Located in Jaber Al-Ahmad City, the Low Energy House has been designed and constructed as a prototype for a housing scheme planned by the government for Kuwaiti nationals.
Covering a total area of 400sq m, Low Energy House is the first project in Mena to achieve GSAS D&B 4 Stars rating under GSAS Homes scheme.
Dr Rana al-Fares, Minister of Public Works, Kuwait inaugurated the villa recently.
Also present at the opening ceremony was Anas Meerza, CEO of NTEC, who along with Dr al-Fares, received GSAS plaque of recognition from Dr Yousef Alhorr, founding chairman of Gord.

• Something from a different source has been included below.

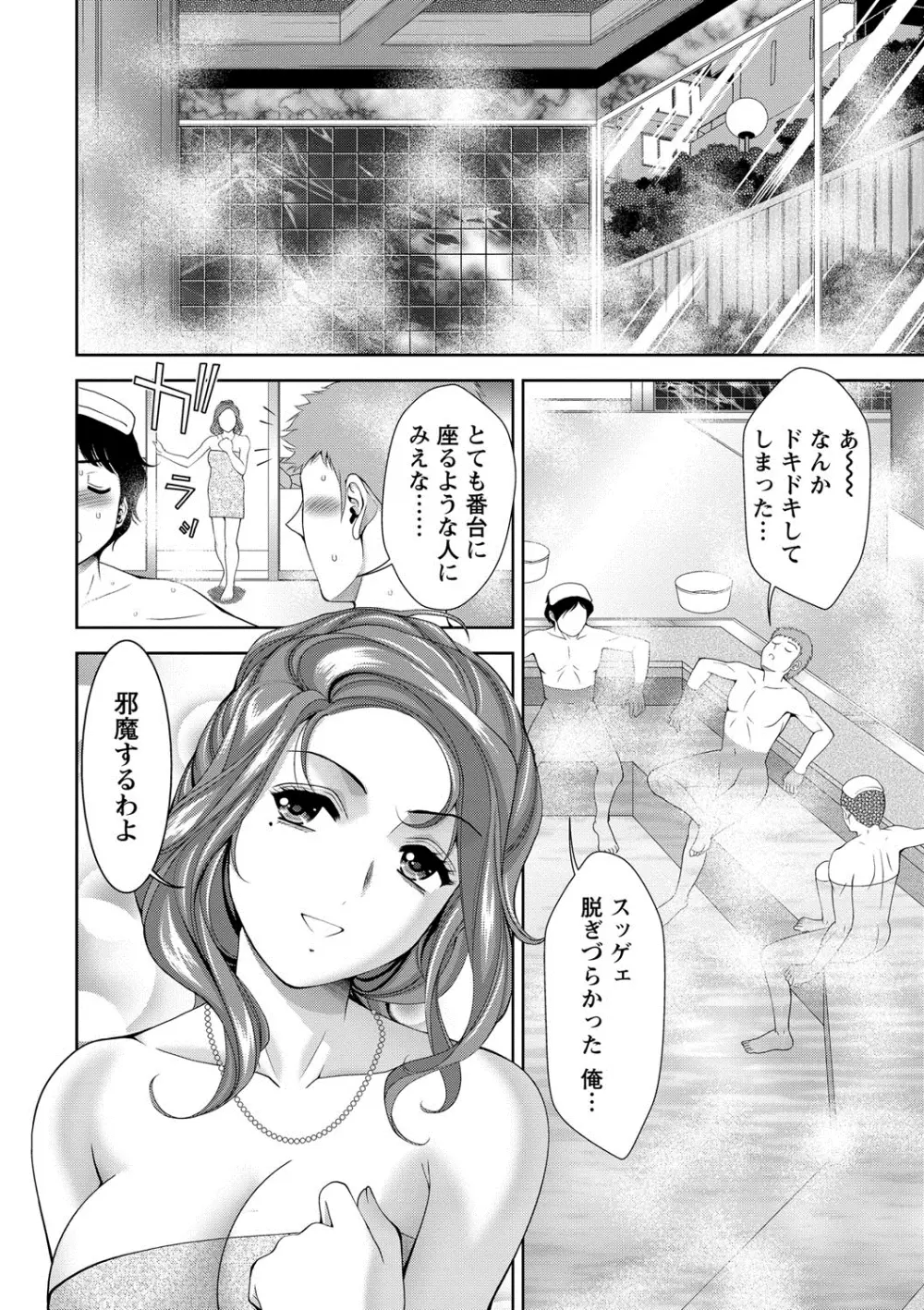 美女濡れ痴女 膣にアナタのぶちこんで Page.91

“The model house benefits from efficient energy generation systems, high quality air conditioning and water recycling that help save 40% of energy and 50% of water consumption, qualifying it to be awarded GSAS 4 Stars rating while also maintaining its economic feasibility,” Meerza said.
“The launch of a green villa is a steppingstone for many similar residential projects to come," Dr Alhorr said.

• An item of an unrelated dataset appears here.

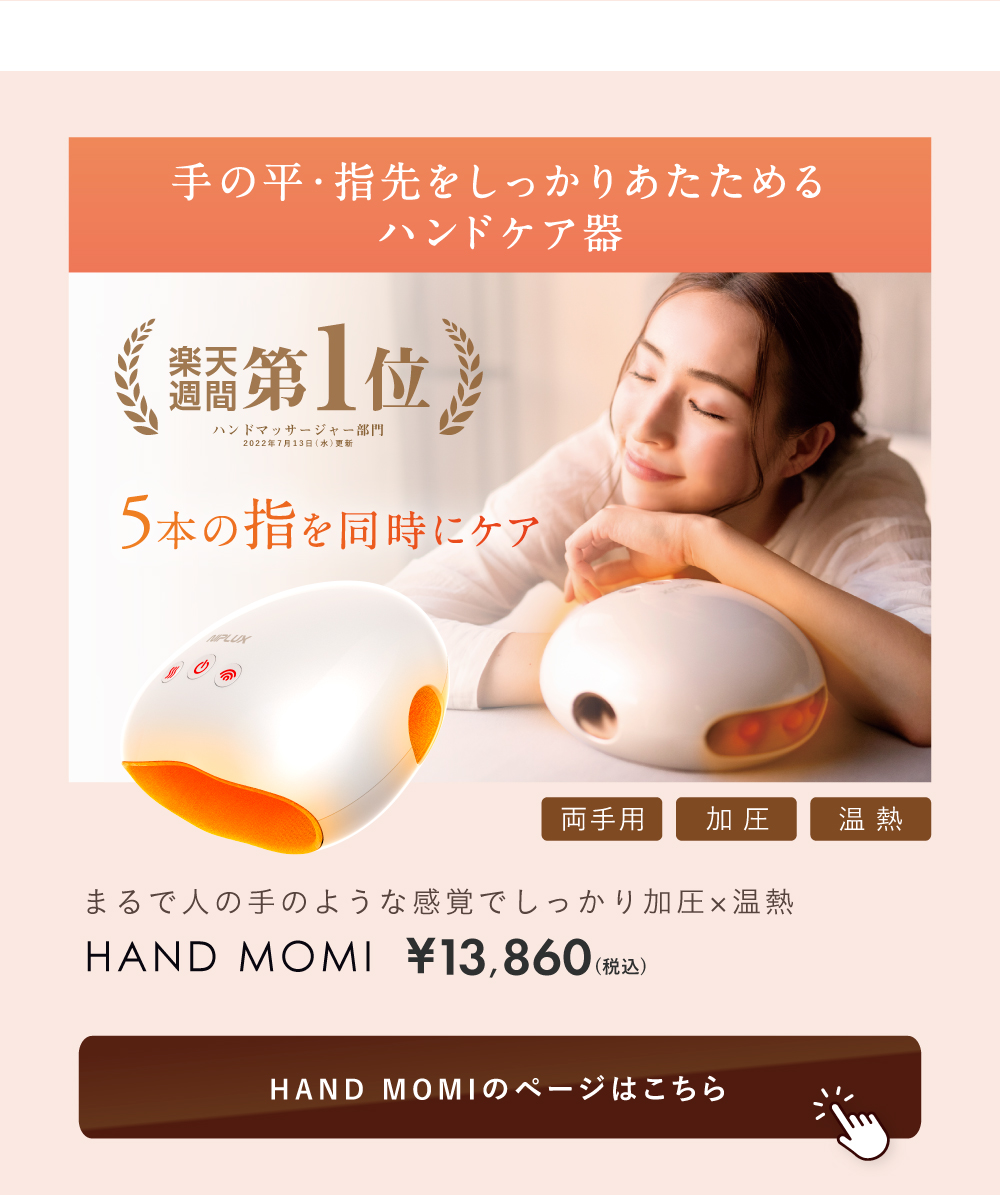 NIPLUX Yahoo!店 - Yahoo!ショッピング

"The project demonstrates outstanding levels of energy and water efficiency achieved through technologies like solar PV systems, greywater treatment system and smart lighting solutions. Together, these sustainability features make this project the first of its kind in the region. The final certification of this project follows a comprehensive process encompassing several site audits and verification reviews by GSAS Trust – Gord’s Centre of Excellence.”

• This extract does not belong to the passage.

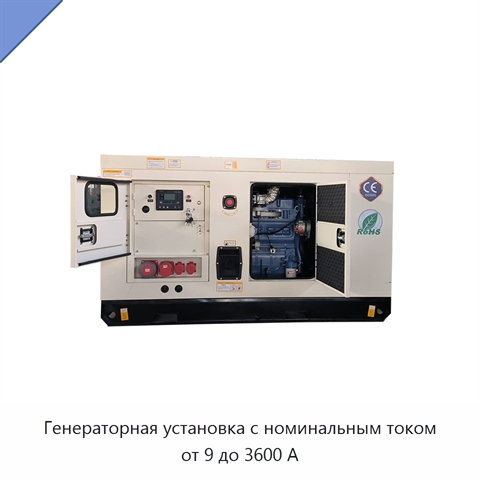 Генераторная установка с номинальным током от 9 до 3600 А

Behind Kuwait’s Low Energy House Project is the state’s national target to transform PAHW’s standard housing design and construction into one that is sustainable under GSAS framework.
Developed by Gord, GSAS is the Global Sustainability Assessment System that has emerged as the first performance-based green building and infrastructure certification system in the Mena region.
Key green credentials of Kuwait’s Low Energy House include its state-of-the-art air-conditioning system that utilises VRF technology, air recovery systems, advanced thermostat controls and carbon dioxide sensors for controlling indoor air quality.
The project makes use of smart LED lighting technology that comes with dimming and motion sensing features to ensure energy efficiency and power conservation.
The villa’s passive design allows ample daylight while also avoiding solar heat during peak hours of the day.
Similarly, the external lighting is solar powered which can be controlled and monitored through smart metering and home automation system.
Maximising the use of clean energy, the villa features solar powered domestic hot water system facilitated through photovoltaic panels installed on roof and parking areas of the house.
To ensure water conservation through reuse, the house features a small-scale greywater treatment system catering to the vegetation and landscaping needs in outdoor spaces around the build area.
Though modern in terms of systems and operations, the villa’s design is equally reminiscent of Kuwait’s cultural identity.
In terms of materials, the project has made use of locally sourced products to Kuwait’s national economy.
In its crux, the house has been designed and construction with three underlying philosophies: Sustainability, Affordability and Availability.
With the model house now successfully complete, works are expected to begin on a number of housing projects benefitting from the design and construction of Kuwait’s first Low Energy House.